The UK Statistics Authority has today published three related Assessment Reports on Short-term Economic Output Indicators, produced by ONS. The first report covers the preliminary estimate of Gross Domestic Product, Index of Production, and Index of Services statistics ; the second report covers statistics on Retail Sales ; and the third report covers statistics on construction output and new orders.
Overall, these reports find that ONS complies with much of the Code of Practice for Official Statistics. Users who engaged with the Assessment team as part of this assessment reported that the statistics largely meet their needs. ONS produces and publishes the statistics in a timely way, to a pre-announced timetable, and engages effectively with the key institutional users of the statistics. But it is wrong to focus just on these well-known institutions, like the Bank of England and the Office for Budget Responsibility. More than most sets of statistics, this package of outputs speaks to a very wide range of audiences for a wide range of uses, from guiding business decisions to acting as a general barometer of the economy.

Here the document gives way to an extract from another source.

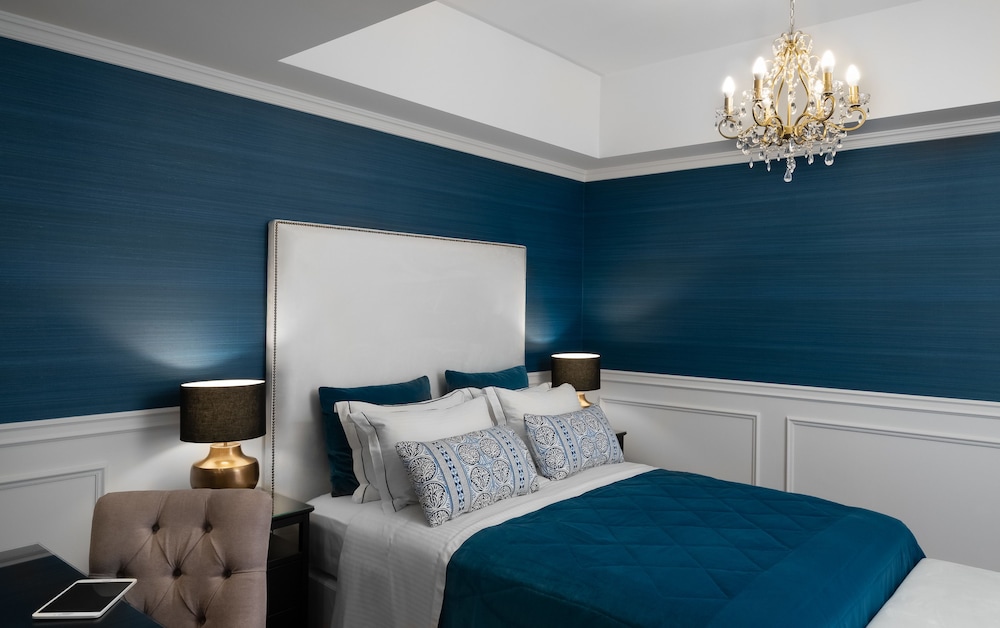 Junior Suite, 1 King Bed with Sofa bed, Balcony photo 3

In light of this enormous public significance, the range of Requirements included within these reports reflect the fact that ONS is not doing all that it can to extract maximum value from the statistics. Many of the requirements relate to ONS communicating more effectively about some aspects of the statistics, or the processes involved in producing them. ONS does not consistently produce an adequate narrative to explain what the statistics mean, and could enhance their utility by giving more prominent reference to the material in the separate analytical documents that it produces, which draw together overall messages from a range of economic statistics (including those on the labour market). And while ONS has undertaken work to understand and measure the quality of the statistics, we agree with users that ONS needs to present information about uncertainty more clearly and more prominently.
Overall, these issues might reflect a situation within this pressurised area of ONS where the scope for highly skilled professional analysts to be able to stand back from the detail of the production process could be improved. Being able to step back would allow those experts to be able to undertake more activities that have potential to add significant public value to these statistics.